9. De toute façon, le Magistère de l'Église enseigne, par un acte définitoire ou non, une doctrine à croire comme divinement révélée (1° alinéa) ou à tenir de manière définitive (2° alinéa). Dans le cas d'un acte définitoire, une vérité est solennellement définie par une déclaration « ex cathedra » du Pontife romain ou par l'intervention d'un concile œcuménique. Dans le cas d'un acte non définitoire, une doctrine est enseignée infailliblement par le Magistère ordinaire et universel des Évêques dispersés de par le monde et en communion avec le Successeur de Pierre. Cette doctrine peut être confirmée ou réaffirmée par le Pontife romain, même sans recourir à une définition solennelle, en déclarant explicitement qu'elle appartient à l'enseignement du Magistère ordinaire et universel comme vérité divinement révélée (1° alinéa) ou comme vérité de la doctrine catholique (2° alinéa). Par conséquent, quand, sur une doctrine, il n'existe pas de jugement sous la forme solennelle d'une définition, mais que cette doctrine, appartenant au patrimoine du depositum fidei, est enseignée par le Magistère ordinaire et universel – qui inclut nécessairement celui du Pape –, il faut l'entendre comme étant proposée infailliblement [17]. Quand le Pontife romain, par une déclaration, la confirme ou la réaffirme, il n'accomplit pas un acte nouveau qui élève cette vérité au rang de dogme, mais il atteste formellement qu'elle est déjà propriété de l'Église et par elle infailliblement transmise.
10. La troisième proposition de la professio fidei affirme: « De plus, avec une soumission religieuse de la volonté et de l'intelligence, j'adhère aux doctrines qui sont énoncées, soit par le Pontife romain, soit par le Collège des évêques, lorsqu'ils exercent le Magistère authentique, même s'ils n'ont pas l'intention de les proclamer par un acte définitif ».
À cet alinéa appartiennent tous ces enseignements – en matière de foi ou de morale – présentés comme vrais ou au moins comme sûrs, même s'ils n'ont pas été définis dans un jugement solennel ou proposés comme définitifs par le Magistère ordinaire et universel.

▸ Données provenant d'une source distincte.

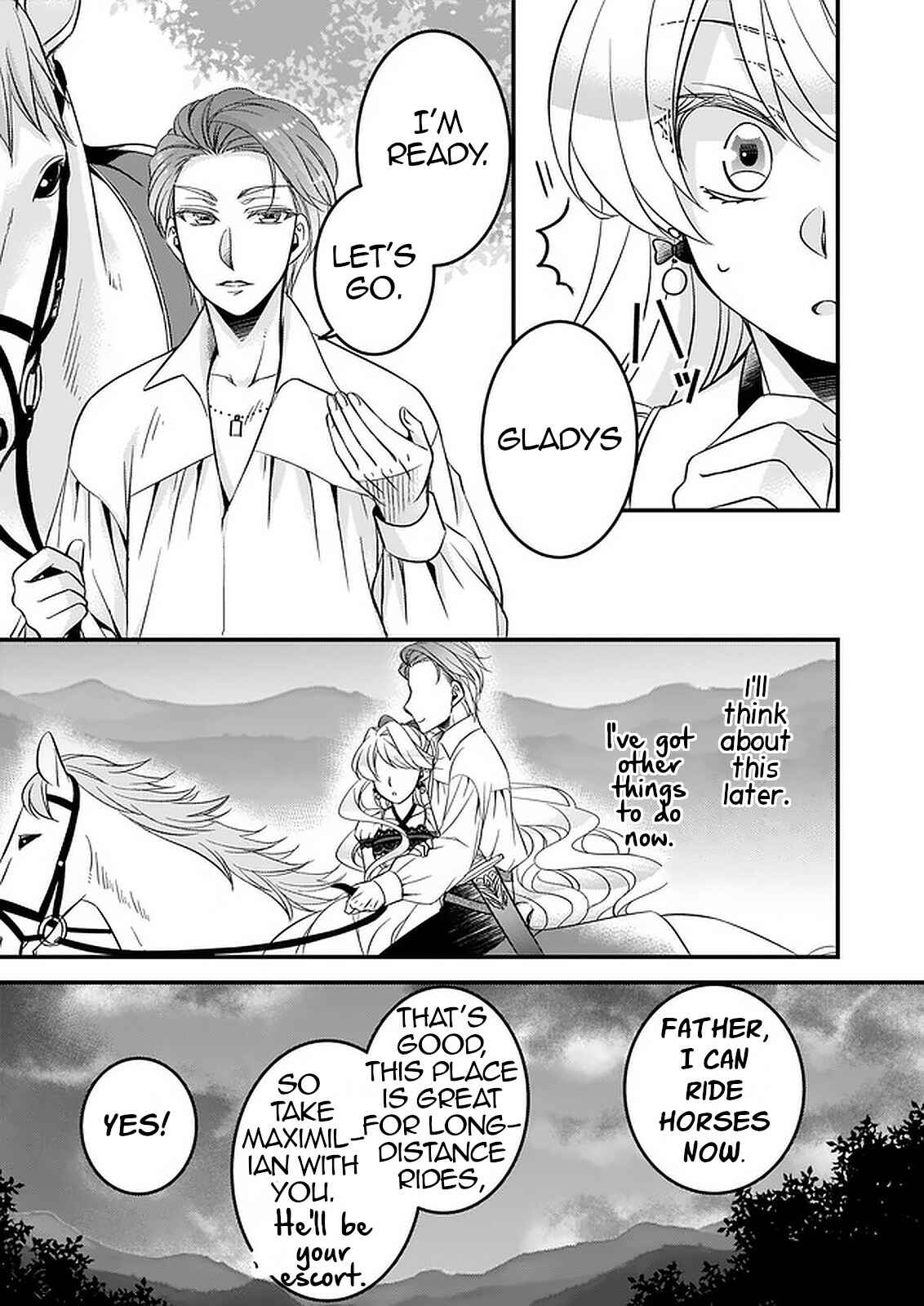 Page 13 Chapter 11 Daiyogensha wa Zensei kara Nigeru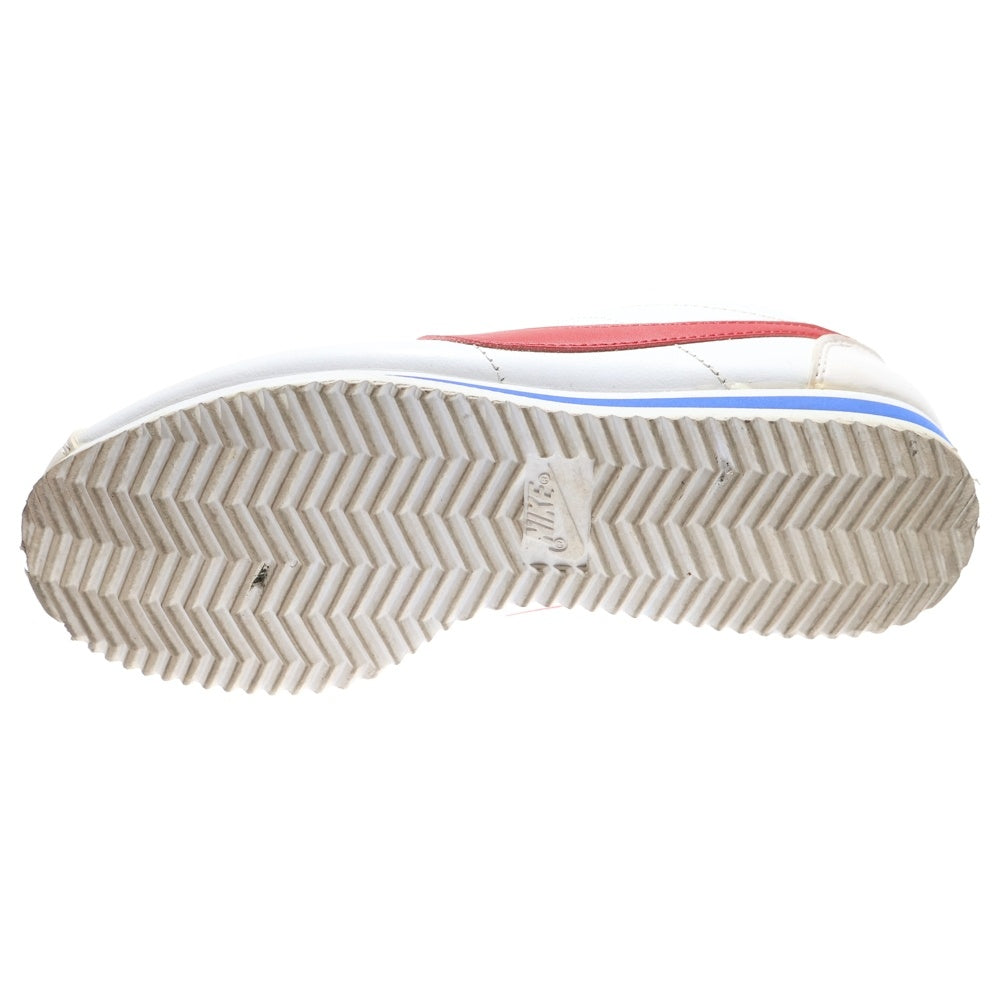 NIKE(ナイキ) WMNS CLASSIC CORTEZ LEATHER ウィメンズ クラシック コルテッツ レザー ローカットスニーカー ホワイト/レッド US6/23cm 807471-103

Ces enseignements sont en tout cas expression authentique du Magistère ordinaire du Pontife romain ou du Collège épiscopal et requièrent donc la soumission religieuse de la volonté et de l'intelligence [18]. Ils sont proposés pour nous conduire à une intelligence plus profonde de la révélation, ou bien pour rappeler la conformité d'un enseignement avec les vérités de la foi, ou enfin pour mettre en garde contre les conceptions incompatibles avec ces vérités ou contre des opinions dangereuses susceptibles d'induire en erreur [19].
Une proposition contraire à ces doctrines peut être qualifiée d’erronée ou bien, dans le cas des enseignements de l'ordre de la prudence, de téméraire ou de dangereuse et donc « tuto doceri non potest » [20].